The canon copiers are now available on the CIS print server (which will stay up during the outage). You can see them here: \\printers.anl.gov. The printers installed are:
q104copier.sbc.anl.gov (iR-ADV 6055)
a102copier.bio.anl.gov (iR-ADV 6055)
If you normally print directly to the copiers, that would work as usual. The Xerox and other printers are not yet on that print server, we’ll get those moved over after the outage and retire “BIOPRINT”.
Kat will be on-site at our desk in 446 to assist tomorrow, and the team will be monitoring the ticket queue.
Updates for MCS/LCF/CELS:
The CELS user-facing linux environment will be down, as previously announced, including login and home file servers. We will issue a system-wide shutdown command to all linux workstations tomorrow morning. If you run a mac or a self-managed machine, please shut down the machine before you leave tonight. Mac file servers will shut down at COB today, as will our tape backup servers.
On Monday, if anything is not working as expected on your computer, please reboot first, then if that doesn’t fix the issue, report it to help or call the help desk at x6813.
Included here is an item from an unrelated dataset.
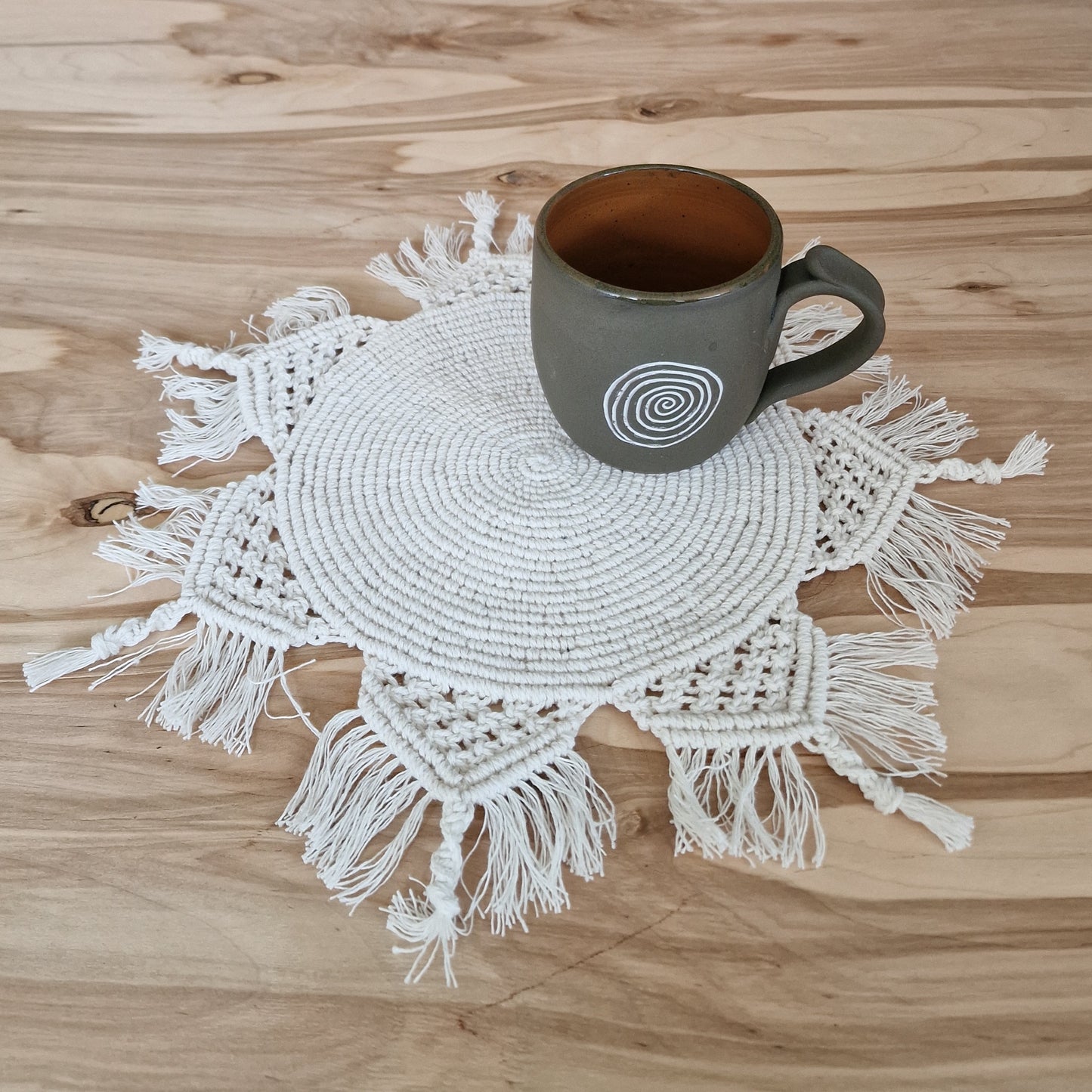 Table cover in macrame technique (ANBL 13)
The list of user-facing machines that will *not* go down is included below. The ALCF accounts webpages will have a brief downtime tomorrow for maintenance on the server, but will be up by afternoon. Note that repo.anl-external.org is one of the sites that will unfortunately be down during the outage.
The outage window is advertised to be until Sunday, though it’s very likely power will return on Saturday. However, it may take some time to get systems back, so please do not expect anything to be back in operation until we say it is. I will send a notice to this list, which will also post to the previously noted Twitter account and to the blog at https://mcssys.wordpress.com, when we believe things are back in normal operation.
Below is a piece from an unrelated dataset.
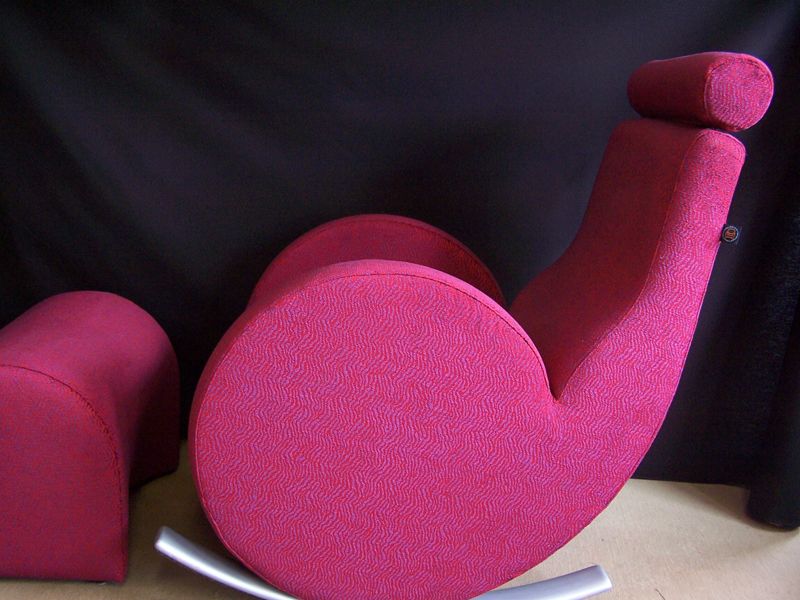 Designer Sessel „Gänsefüsschen“ mit Hocker, fertig gepolstert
Some systems not part of CELS core IT may not return until Monday – please watch for communications from the teams for those systems. Also note any all-clear I give is purely related to the IT systems – the building will not resume normal business operations until Monday morning.
These servers will not go down as part of the outage:
app001.cels.anl.gov (collab.cels.anl.gov – Confluence)
app003.cels.anl.gov (gitlab.cels.anl.gov – internal gitlab)
app006.cels.anl.gov (dev.esg.anl.gov, dev.esgf.anl.gov)
app007.cels.anl.gov (www.esg.anl.gov, http://www.esgf.anl.gov)
beehive0.mcs.anl.gov (waggle project)
beehive1.mcs.anl.gov (waggle project)
beehive2.mcs.anl.gov (waggle project)
ca.mcs.anl.gov (certificate authority)
caveat.mcs.anl.gov (MPICH sv/trac)
coredb.mcs.anl.gov (internal database server)
davmail.mcs.anl.gov (Exchange/WebDAV connector)
gust.mcs.anl.gov (WordPress sites)
jenkins.mcs.anl.gov (build test server)
kerdap-2.mcs.anl.gov (MCS/CELS kerberos/LDAP server)
kerdap.jlse.anl.gov (JLSE LDAP/kerberos server)
lic001.cels.anl.gov (License server for some software packages)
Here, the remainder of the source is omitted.